Facing the imminent new regulations, most companies are now obligated to select a new external auditor in time for their shareholders’ meetings in the first quarter of next year.
“The government underlines that it has ‘alleviated’ the original 3 percent rule for the sake of shareholders’ rights,” said an industry official who refused to be identified.
“But in reality, the change has limited impact as there are few cases in which family members or other interested parties hold more shares than the top shareholder.”
Concerns have also mounted that the lowered threshold for minority shareholders may excessively infringe upon management rights and consecutively hinder corporate stability.
In the initial legislative stage, the ruling Democratic Party of Korea had vowed to obligate small shareholders to hold their stocks for six months or more before they could exercise their rights. That rule, however, was eliminated from the final version, allowing any shareholder that holds 1 percent to 3 percent of total shares to influence the board.
The burden of restructuring the audit board weighs heavier upon small and medium-sized businesses, where the human resources pool is limited, market watchers said.

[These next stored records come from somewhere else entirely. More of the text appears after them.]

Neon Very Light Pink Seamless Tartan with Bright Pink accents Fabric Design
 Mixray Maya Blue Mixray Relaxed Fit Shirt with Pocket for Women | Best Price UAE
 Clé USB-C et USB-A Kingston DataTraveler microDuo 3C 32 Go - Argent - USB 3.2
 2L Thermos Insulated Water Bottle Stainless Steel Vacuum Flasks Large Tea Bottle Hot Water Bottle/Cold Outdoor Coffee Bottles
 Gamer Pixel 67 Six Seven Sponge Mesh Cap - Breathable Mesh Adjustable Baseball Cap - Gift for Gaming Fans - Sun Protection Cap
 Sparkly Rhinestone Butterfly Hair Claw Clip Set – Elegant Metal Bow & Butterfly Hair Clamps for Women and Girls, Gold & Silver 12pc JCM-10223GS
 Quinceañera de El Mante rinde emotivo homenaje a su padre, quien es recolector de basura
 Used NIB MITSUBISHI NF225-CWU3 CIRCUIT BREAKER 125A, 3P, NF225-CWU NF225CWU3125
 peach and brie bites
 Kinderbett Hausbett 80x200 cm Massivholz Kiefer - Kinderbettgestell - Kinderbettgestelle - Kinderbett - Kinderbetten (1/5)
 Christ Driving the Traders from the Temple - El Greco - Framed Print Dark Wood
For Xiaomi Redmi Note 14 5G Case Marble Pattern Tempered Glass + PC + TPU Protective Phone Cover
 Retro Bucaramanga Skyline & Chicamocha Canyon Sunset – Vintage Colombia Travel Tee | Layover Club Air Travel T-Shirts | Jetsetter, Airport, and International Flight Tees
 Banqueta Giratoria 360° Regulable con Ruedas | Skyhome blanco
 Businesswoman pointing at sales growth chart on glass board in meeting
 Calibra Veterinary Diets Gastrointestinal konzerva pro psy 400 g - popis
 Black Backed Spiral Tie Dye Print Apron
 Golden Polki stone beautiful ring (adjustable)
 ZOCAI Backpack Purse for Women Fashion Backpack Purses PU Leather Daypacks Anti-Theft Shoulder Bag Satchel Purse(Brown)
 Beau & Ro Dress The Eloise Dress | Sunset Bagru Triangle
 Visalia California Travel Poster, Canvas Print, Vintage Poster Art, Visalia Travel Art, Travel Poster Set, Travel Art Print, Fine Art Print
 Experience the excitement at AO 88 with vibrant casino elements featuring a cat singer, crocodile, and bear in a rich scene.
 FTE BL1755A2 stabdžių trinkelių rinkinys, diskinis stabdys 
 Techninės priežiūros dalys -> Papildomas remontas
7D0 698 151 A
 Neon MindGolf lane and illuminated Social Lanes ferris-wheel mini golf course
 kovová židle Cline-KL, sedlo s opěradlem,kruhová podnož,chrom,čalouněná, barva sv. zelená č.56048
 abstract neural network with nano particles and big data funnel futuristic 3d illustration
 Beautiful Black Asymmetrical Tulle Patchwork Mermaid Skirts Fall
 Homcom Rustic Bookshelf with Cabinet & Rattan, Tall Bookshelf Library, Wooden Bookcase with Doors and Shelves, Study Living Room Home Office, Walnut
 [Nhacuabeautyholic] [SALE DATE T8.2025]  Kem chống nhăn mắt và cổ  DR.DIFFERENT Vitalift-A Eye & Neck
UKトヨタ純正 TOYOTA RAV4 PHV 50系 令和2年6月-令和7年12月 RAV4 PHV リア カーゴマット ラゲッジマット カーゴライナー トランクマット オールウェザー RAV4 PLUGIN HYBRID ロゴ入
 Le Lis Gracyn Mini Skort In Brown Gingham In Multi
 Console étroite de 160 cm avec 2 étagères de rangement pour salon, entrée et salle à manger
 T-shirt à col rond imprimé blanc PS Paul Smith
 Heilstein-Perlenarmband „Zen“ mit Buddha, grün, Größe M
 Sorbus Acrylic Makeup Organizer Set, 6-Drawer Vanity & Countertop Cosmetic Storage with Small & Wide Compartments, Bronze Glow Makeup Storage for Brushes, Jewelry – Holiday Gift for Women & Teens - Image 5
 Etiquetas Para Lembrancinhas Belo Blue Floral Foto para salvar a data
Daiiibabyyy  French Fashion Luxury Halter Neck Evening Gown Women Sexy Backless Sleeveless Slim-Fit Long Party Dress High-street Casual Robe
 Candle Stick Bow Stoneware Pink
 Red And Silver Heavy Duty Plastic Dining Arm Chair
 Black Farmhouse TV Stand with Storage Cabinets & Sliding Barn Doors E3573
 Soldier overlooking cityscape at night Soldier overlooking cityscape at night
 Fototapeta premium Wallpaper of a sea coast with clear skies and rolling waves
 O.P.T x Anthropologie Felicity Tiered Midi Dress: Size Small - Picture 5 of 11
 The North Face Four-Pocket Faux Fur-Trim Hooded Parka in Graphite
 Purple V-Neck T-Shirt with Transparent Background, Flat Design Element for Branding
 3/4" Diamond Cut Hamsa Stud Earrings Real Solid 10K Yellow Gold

“Usually, listed companies would fix their shareholders’ list starting December and gear up for the March shareholders meeting, right after closing their annual accounts in the year-end,” said an official.
“But as (the ruling party) pushed ahead with the law revision in this season of the year, SME working-level officials now find themselves bewildered by the sudden change.”
Key business lobby groups here filed a petition with the National Assembly on Monday, seeking a grace period for the revised Commercial Act.
“We are at a loss on how to overcome the difficulties as several of the approved bills are set to deliver a heavy blow to the economy,” said the Korea Enterprises Federation, Korea Federation of SMEs, Federation of Middle Market Enterprises of Korea, and Korea Listed Companies Association in a joint statement.
“We demand that at least some of the regulations be adjusted during the extraordinary parliamentary plenary session (in January).”